This is an older blog post, you will find one on more recent data here
This interactive presentation contains the latest oil & gas production data from 65760 horizontal wells in 8 US states, through August. Cumulative oil production from these wells reached 5.8 Gbo, while cumulative gas production topped 48 TCF.
Oil production from these wells dropped significantly in August, as the Eagle Ford and the Bakken declined together by about 100 kbo/day. Gas production was stable at close to 35 BCF/day.
In the “Well quality” tab we can see the production curves for all these wells, averaged by the year in which they started production.
I’ve made the following change here: the thickness of the curves is now an indication for the number of wells that are included (the exact number of wells is shown in a tool tip if you click on a data point). My aim with this was to provide a visual cue of the relative weight of these curves. If you have a strong opinion about whether you like or dislike this change, please share it. We can see a thinning at the end of the tails, as not all the wells from that year have reached that particular age (in months on production).
All oil & gas basins are included, so if you want to see the performance of a subset of these wells, you can use the selections at the right side of the screen.
The status of these wells can be viewed in the “Well status” tab. Where more than 1400 new wells were put online in December 2014, since April this year the number of new well additions per month hovers around 400. Due to much fewer completions, average production from these wells has dropped as well. The bottom graph shows that almost 70% of these wells are now below 50 bo/d. Excluding the gas basins, this group still contains almost 60% of the wells.
The new ‘Advanced Insights’ presentation is displayed below:
This “Ultimate Return” overview shows the relationship between oil production rates (y-axis), and cumulative oil production (x-axis), averaged for all the wells that started production in a specific quarter. I’ve only selected the basins where oil production is dominant.
We can see nicely here that newer wells have higher initial production rates, and that this relationship between production rate & cumulative production after this period is remarkably similar as earlier wells.
Using the “Operator (current)” selection, you can view these ultimate return profiles for individual operators.
The last tab (“Gas Oil Ratio”) shows how gas production has changed relative to oil production. The blue graph in the bottom chart (the overall Gas Oil Ratio) shows that relative gas production was very high in early 2011, and after bottoming in early 2015, has moved upwards again.

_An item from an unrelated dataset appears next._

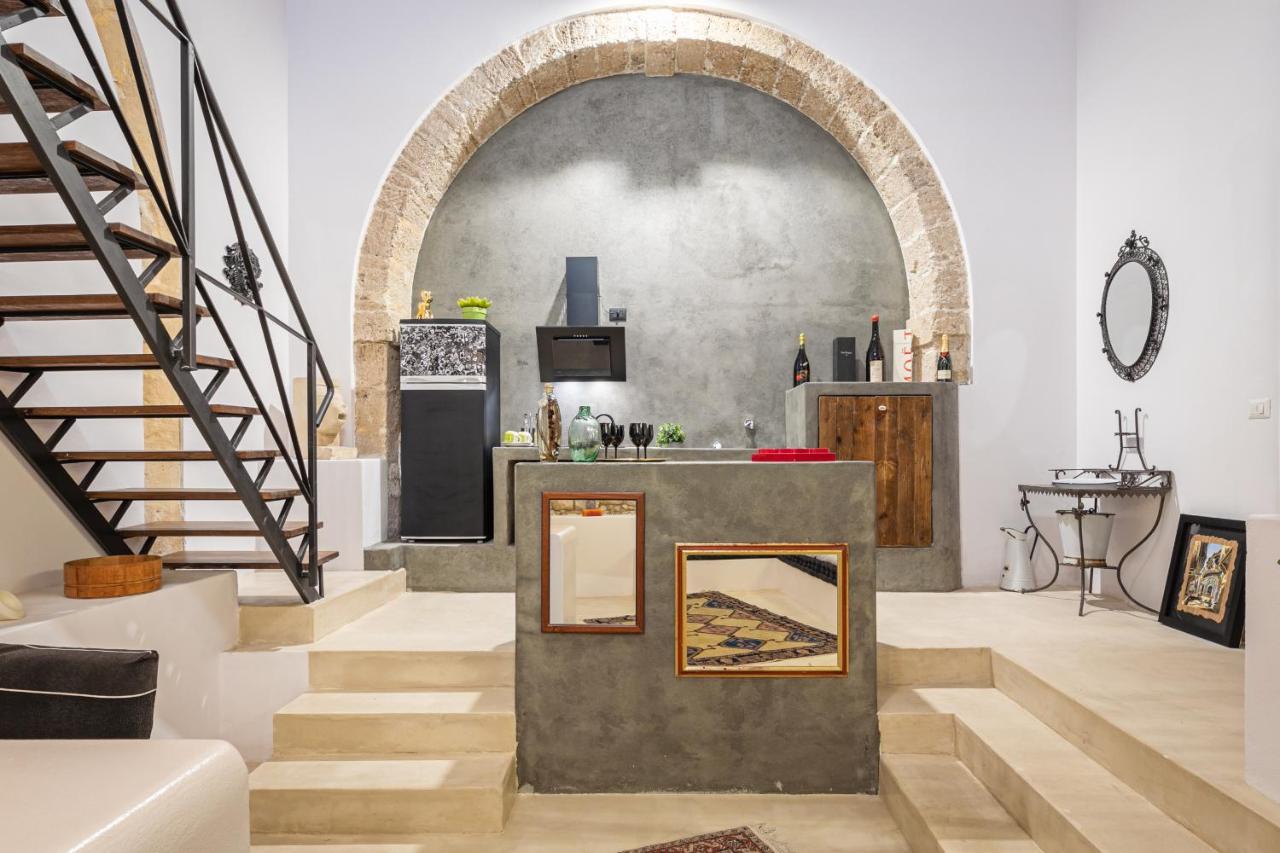Апартаменти Casa Teia, Exclusive Loft In Ortigia Syracuse Екстер'єр фото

For a more detailed description of these new overviews, please visit the first version of this advanced presentation for ND available here.
I always appreciate feedback on these presentations. So if you have any remarks, or find some of the overviews not intuitive, please let me know.

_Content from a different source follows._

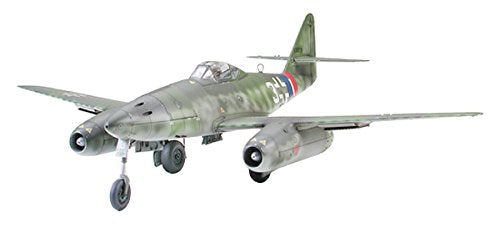 Tamiya 1/48 Messerschmitt Me262a-1a Model Kit- Japan Figure Store - #1 Bring To You The Best Japanese Goods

I’ve not yet planned a next post, and will update the text here once I do.
Production data is subject to revisions, especially for the last few months in Texas. These future revisions will eventually show up as an increase of a few % in total oil & gas production. For this presentation, I used data gathered from the following sources:
- Colorado Oil & Gas Conservation Commission
- Montana Board of Oil and Gas
- New Mexico Oil Conservation Commission
- North Dakota Department of Natural Resources
- Ohio Department of Natural Resources
- Pennsylvania Department of Environmental Protection
- Texas Railroad Commission. Well profiles are estimated from well status & lease production data, as individual well production data is not provided.
- Wyoming Oil & Gas Conservation Commission
- fracfocus.org
====BRIEF MANUAL====
The above presentation has many interactive features:
- You can click through the blocks on the top to see the slides.

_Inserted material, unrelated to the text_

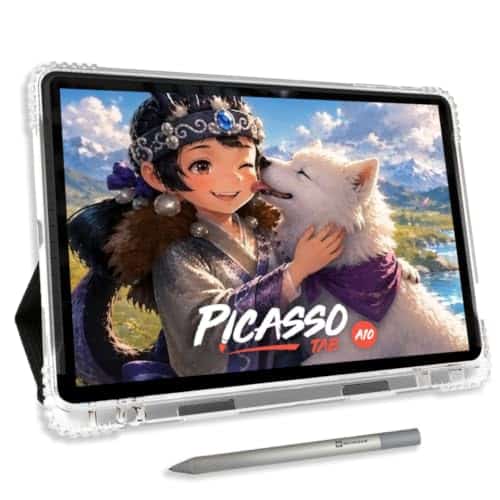 PicassoTab 10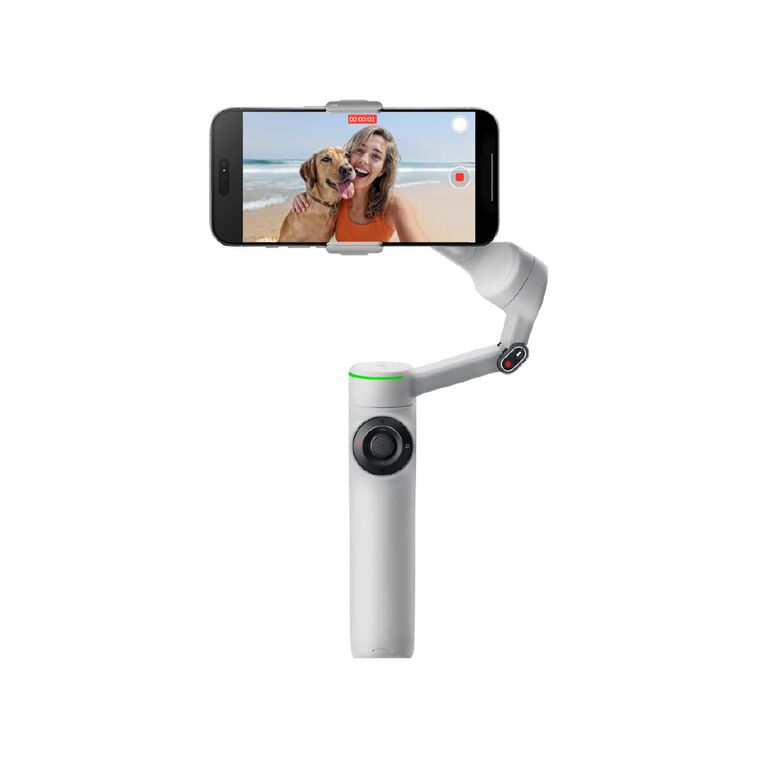 Insta360 Flow 2 Pro Gimbal Grey Edition, , hi-res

- Each slide has filters that can be set, e.g. to select individual or groups of operators. You can first click “all” to deselect all items. You have to click the “apply” button at the bottom to enforce the changes. After that, click anywhere on the presentation.
- Tooltips are shown by just hovering the mouse over parts of the presentation.
- You can move the map around, and zoom in/out.
- By clicking on the legend you can highlight selected items, and include or exclude categories.
- Note that filters have to be set for each tab separately.
- The operator who currently owns the well is designated by “operator (current)”. The operator who operated a well in a past month is designated by “operator (actual)”. This distinction is useful when the ownership of a well changed over time.
- If you have any questions on how to use the interactivity, or how to analyze specific questions, please don’t hesitate to ask.
32 Comments
Here is an extrapolation of the logarithmic straight lines in the rate versus cumulative presentation to 10 BOPD.
Indicates 40,000 wells from 2011-2015 generated EUR of 8 billion barrels. Close to 400 billion dollars all in to result in starting cost of $50 per barrel. Net it up from there for royalty, transport, adval and severance tax and operating expense.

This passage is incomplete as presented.